Consider the following statement:
If $(x_i)_{i\in \Lambda}$ is a basis for the free $R$-module $M$, then $$ M=\bigoplus_{i \in \Lambda}Rx_i$$ My proof:
Clearly $\sum_{i \in \Lambda}Rx_i \subseteq M$. Now, by definition of basis, M is generated by $\{x_i|i \in \Lambda\}$, meaning that $M$ is the smallest $R$-submodule of itself containing each $x_i, i \in \Lambda$. However, if $1 \in R$, then we also have $x_i\in Rx_i$ for each $i \in \Lambda$, so that $\sum_{i \in \Lambda} Rx_i$ is an $R$-submodule of $M$ containing each $x_i, i \in \Lambda.$ Thus we also have $M \subseteq \sum_{i \in \Lambda}Rx_i$, so $M=\sum_{i \in \Lambda}Rx_i$. To show that this sum is direct, suppose $y \in \sum_{i \in \Lambda}Rx_i$ is expressible in two ways (as finite sums):
$$y=\sum_{i\in \Lambda}a_ix_i=\sum_{i\in \Lambda}b_ix_i$$
Then $\sum_{i \in \Lambda}(a_i-b_i)x_i=0_M$, and by the definition $(x_i)_{i \in \Lambda}$ is a basis, so $a_i=b_i$ for all $i$. Thus: The sum is direct. $\square$
This proof depends on the fact that $1 \in R$. The question is: If $R$ is a non-unital ring, is the statement still valid? Also, is the concept of basis (and linear independence of a subset) of a module over a ring still well defined / meaningful if $R$ does not necessarily have unity?
Given the definition you gave in the comments, the answer is no : take the nonunital ring $2\mathbb Z$ and the module $M=\mathbb Z$, with action indiced by the restriction to $2\mathbb Z$ of the usual one.

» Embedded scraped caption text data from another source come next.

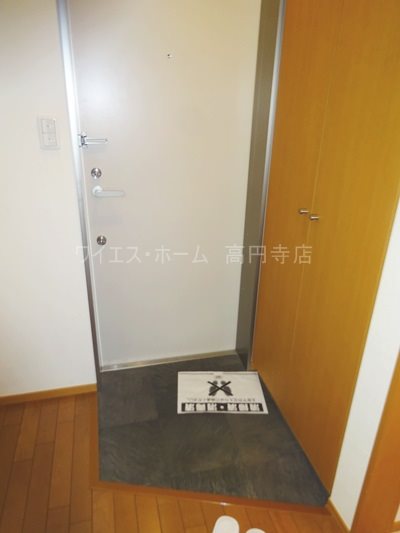 ボヌール高円寺  玄関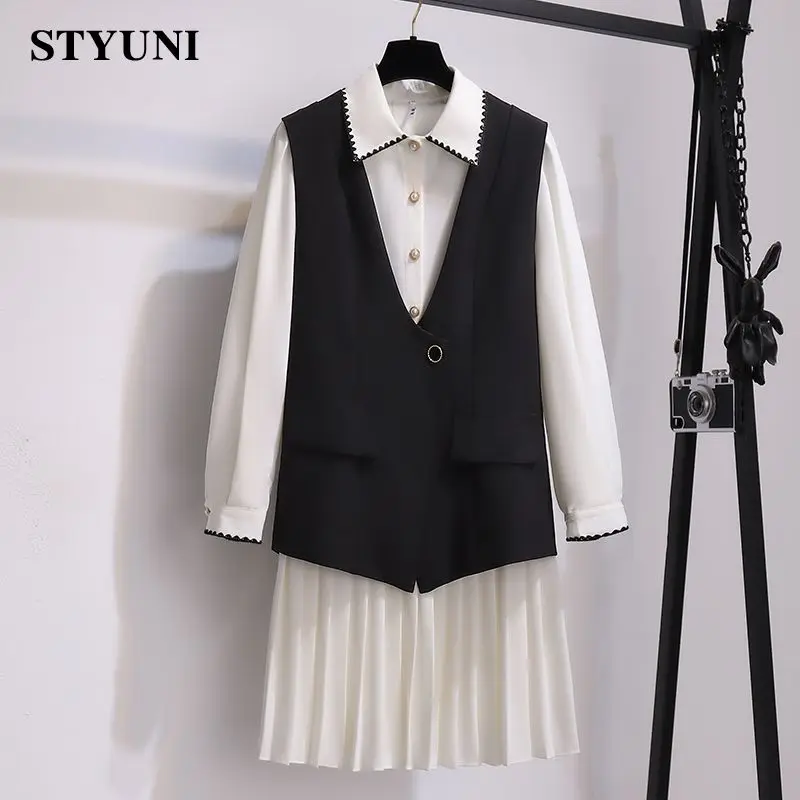 

Mini dress suit female 2022 spring and autumn new fashion Korean black casual vest white pleated shirt dress two-piece suit
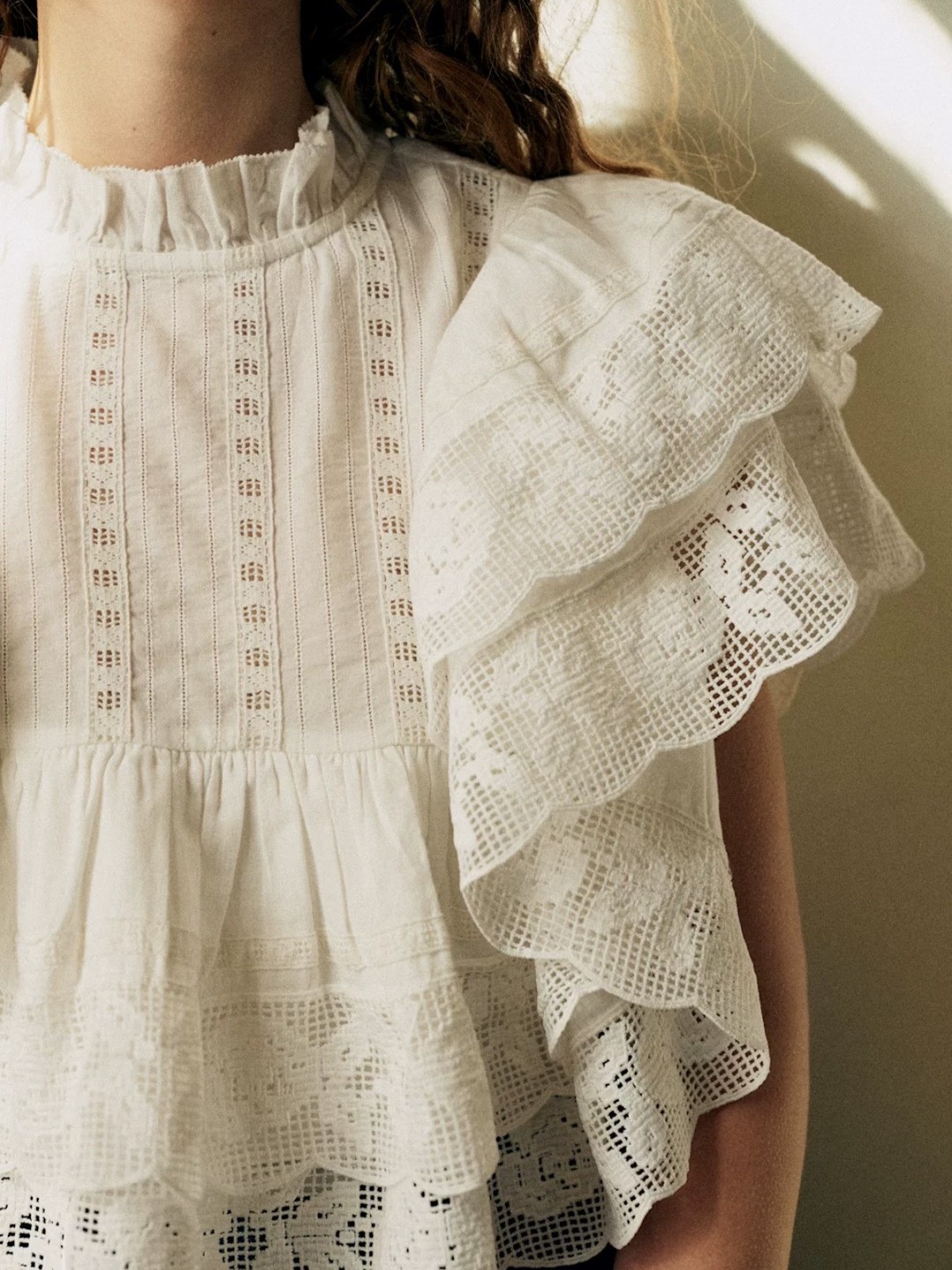 Sezane Lace Ruffled Short Blouse Womens Layered Top Spring 2026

Then $(1)$ is a basis (it generates the module because any submodule containing it contains $1$ and $2k$ for any $k$, hence $2k+1$; and it is free for obvious reasons), but of course $\mathbb Z$ isn't equal to $2\mathbb Z \cdot 1$.

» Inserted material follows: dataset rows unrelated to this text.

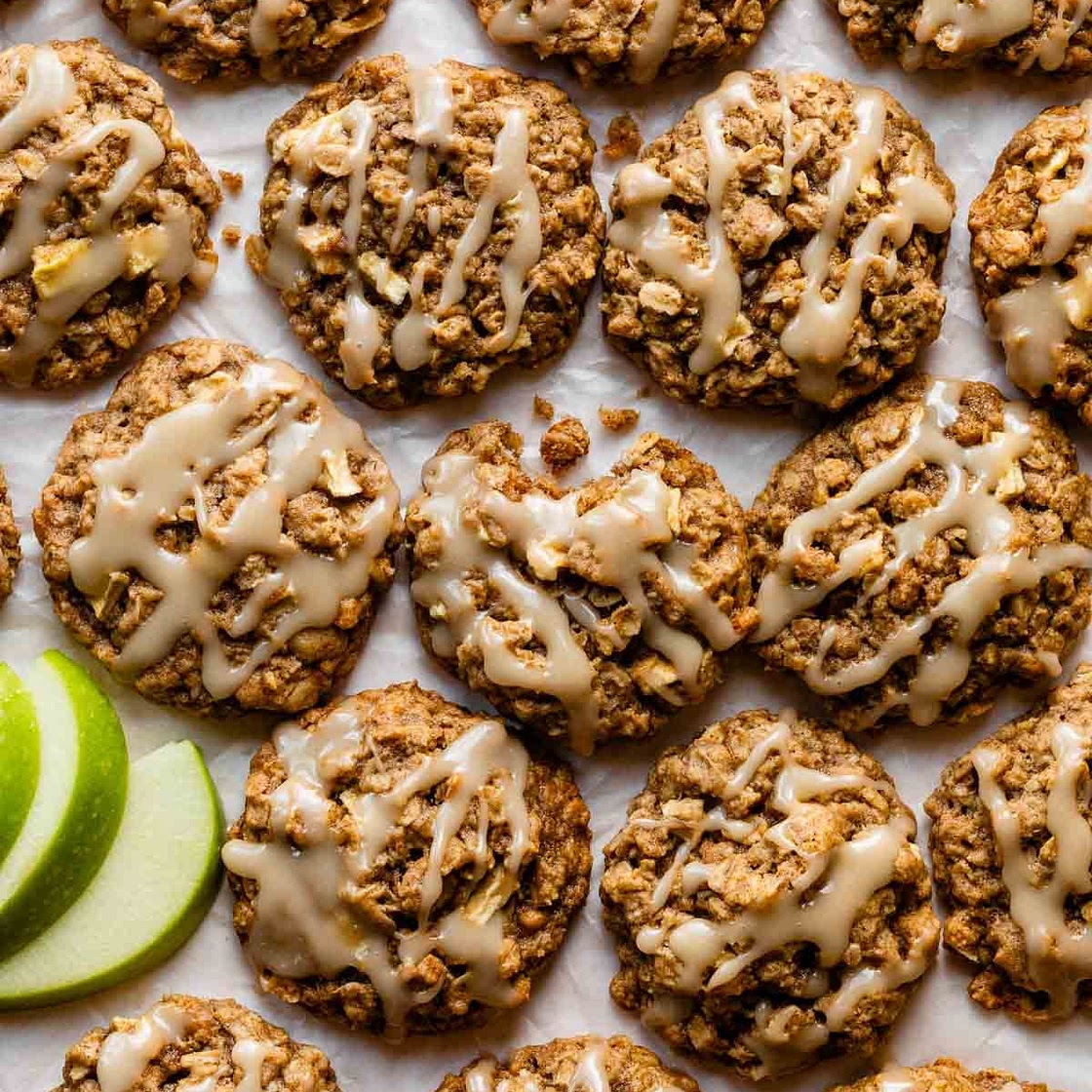 Apple Cinnamon Oatmeal Cookies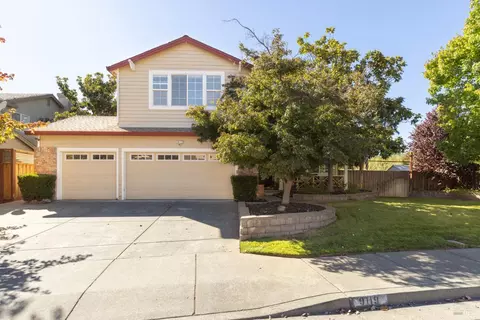 9119 Saint James Pl, Windsor, CA 95492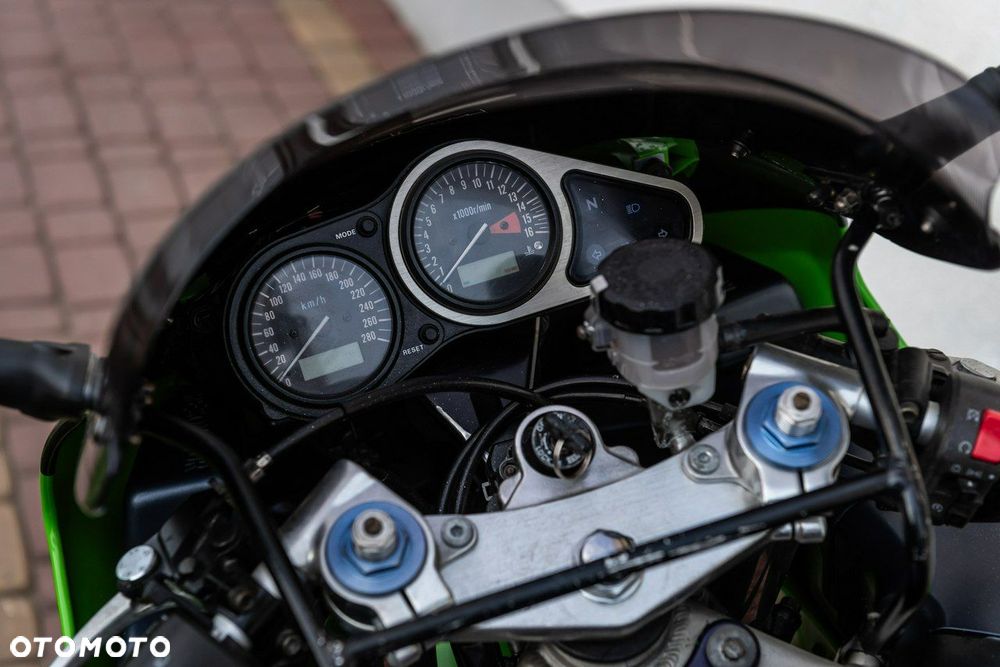 Kawasaki ZX - 9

In this example however, there is an isomorphism between the two. An example where that doesn't happen is $\mathbb{2Z/4Z}$ acting on $\mathbb{Z/4Z}$. Then $1$ generates it for ibvious reasons, and it is free also for obvious reasons.
However, they don't have the same cardinality so they can't even be isomorphic.